Personal impressions:
            I frigging love this game.  Even taking the quality of the rules writing into account, this is the single best war-game I’ve played—ever—bar none—period, end stop.  It’s paced perfectly to let casual and competitive players duke it out.  It’s priced so that collecting forces is relatively economical.  I’ve been playing this game once a week for the last four months and it’s more fun now then when I started.
            Outside the game, there are a few irregularities I struggle with.  Most of these issues stem from the way SFR manages its business.  As previously stated, I’m used to dealing with games run and developed by corporate entities.  There’s a discernable method to their production selections.  Their communication is clearly meant to focus their desired message.  Sometimes companies like Pizo and Privateer press involve the customer in the development process; but in the end the players’ interaction with the company is always managed to best affect.  Basically, the consumer gets the feeling that there’s a plan at work even if they don’t agree with it.

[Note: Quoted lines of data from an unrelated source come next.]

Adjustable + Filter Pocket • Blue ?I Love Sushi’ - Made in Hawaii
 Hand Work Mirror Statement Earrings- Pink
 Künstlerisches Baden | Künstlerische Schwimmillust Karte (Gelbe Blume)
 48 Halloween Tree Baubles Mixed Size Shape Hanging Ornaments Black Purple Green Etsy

            With SFR, things are a little different.  I’ve routinely had forum conversations with company officers that leave me wondering if there is a plan or if anyone is even steering the boat.  In one memorable thread regarding a pole as to whether the company should develop new product or reprint previous offerings, several posters asked what that new product would be and which offerings were being considered for reprint.  The muddled response was essentially that they were already reprinting three factions and were in the process of developing at least one new product line.  Which begs the question why they asked for fan input in the first place?

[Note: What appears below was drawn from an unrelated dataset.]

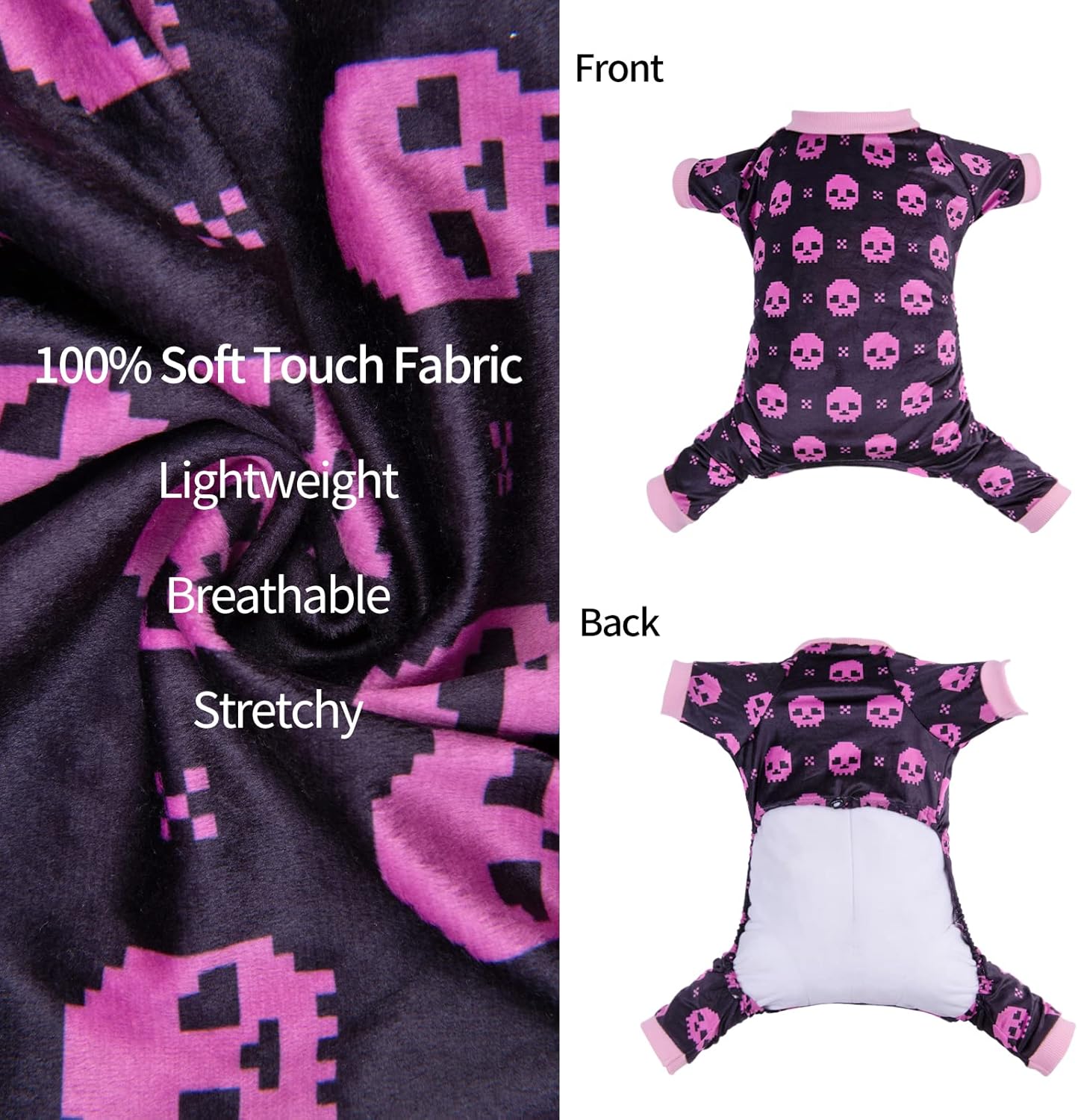 CuteBone Dog Halloween Pajamas Puppy Onesies Small Dogs Soft Pjs Coat Cat Apparel Comfy Pet Clothes Outfit Doggie Bodysuit P248XL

            After some digging, it seems that SFR makes its business decisions through consensus of its stockholders (who are also its most influential players.)  This is a little like the top 20 NBA draft picks setting policy for the game or the magic world’s winner deciding what the theme for the next MTG set will be.  In theory the most influential players should be the most informed and be best equipped to push the game in productive directions.  In practice it often feels like there’s a secret cabal running the show.  One of my friends put it best when he said that fans bought the game from Wizards and fans have been running it ever since.  The company is basically one big game club that produces its own material.  This hasn’t curbed my enjoyment of dragon dice, but it does generate a few WTF moments.

Conclusions:
            Dragon dice offers the cache of a vintage TSR legacy, the collectability of a CCG, the novelty of an Indi game producer, and the fun of a great war-game.  It’s a protoproduct, a game with a lot of growing ahead.  As a result, it’s the perfect game for someone who wants to get in on the beginning of a relative newcomer to the wargaming market before it goes big.  It has some definite weaknesses—most of which should be addressed in further rules editions.  Buy it, play it, love it.